### GOAL OF THE EXERCISE
With both ends included, repeat exactly the lines of the entries below from the one containing "3D визуализация Производственный цех" down to the one containing "Zombie - #189", and no others.

*** Opening of INPUT FOR THIS TASK ***

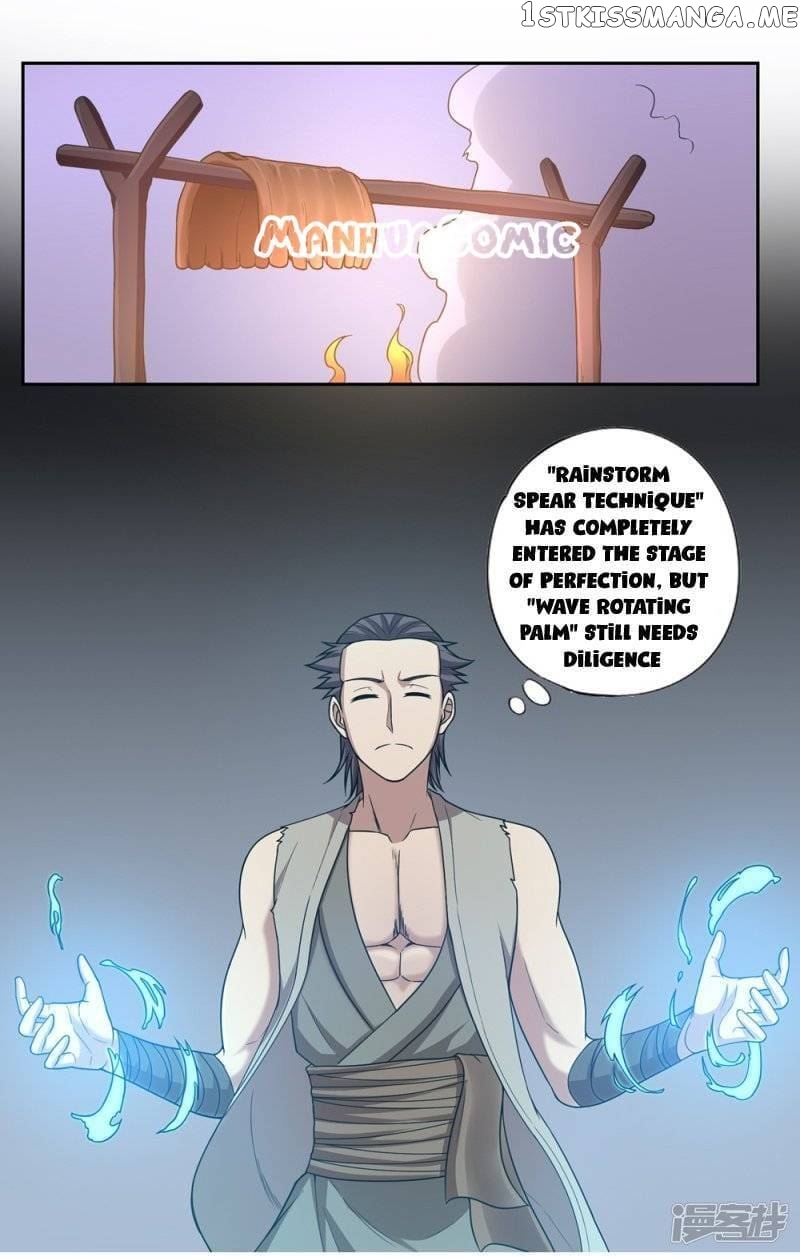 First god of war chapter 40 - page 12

*** Close of INPUT FOR THIS TASK ***
*** Opening of INPUT FOR THIS TASK ***

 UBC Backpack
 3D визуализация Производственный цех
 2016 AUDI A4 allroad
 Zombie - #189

*** Close of INPUT FOR THIS TASK ***
*** Opening of INPUT FOR THIS TASK ***

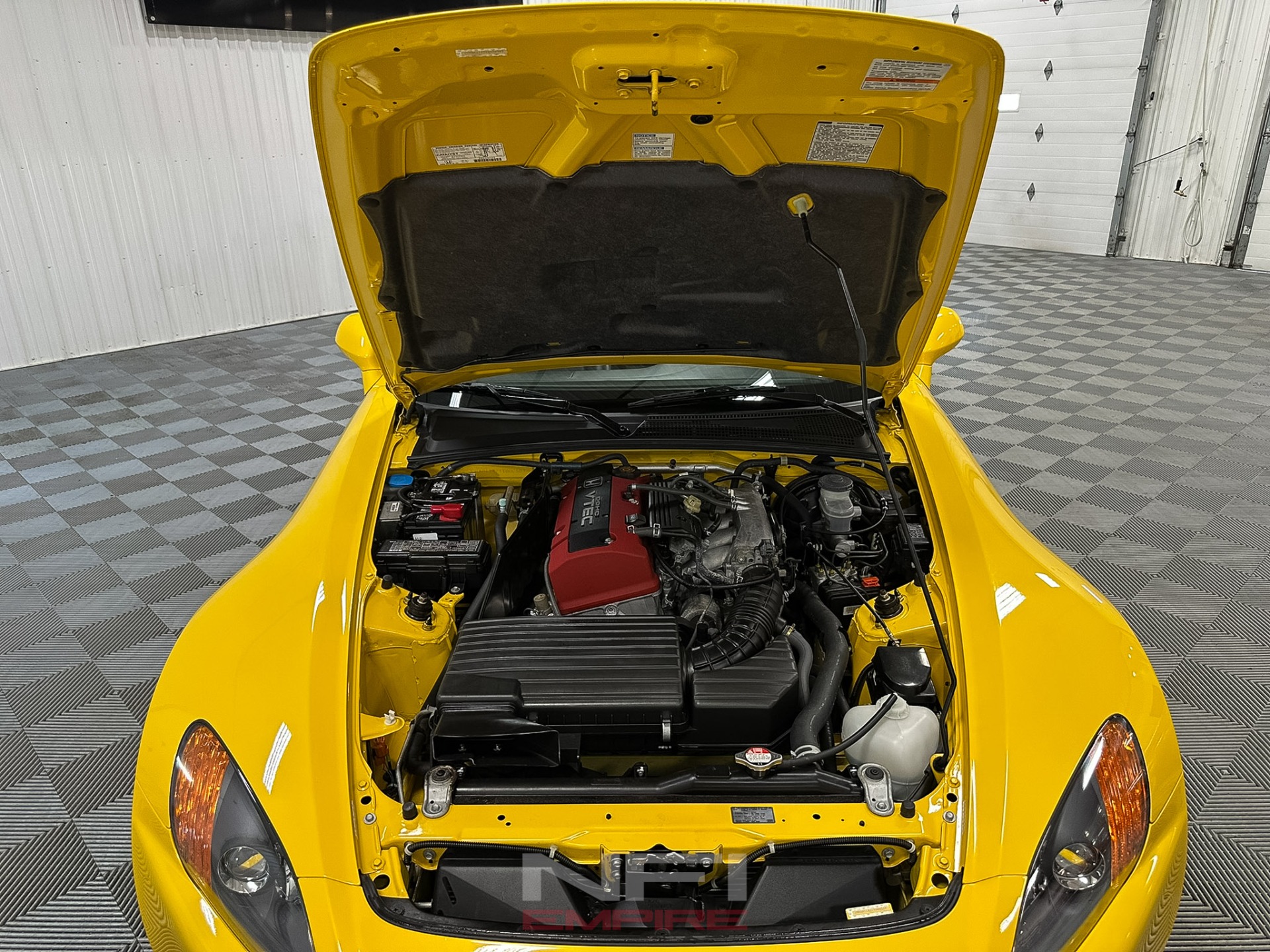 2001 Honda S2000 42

*** Close of INPUT FOR THIS TASK ***

### PROBLEM SOLUTION
 3D визуализация Производственный цех
 2016 AUDI A4 allroad
 Zombie - #189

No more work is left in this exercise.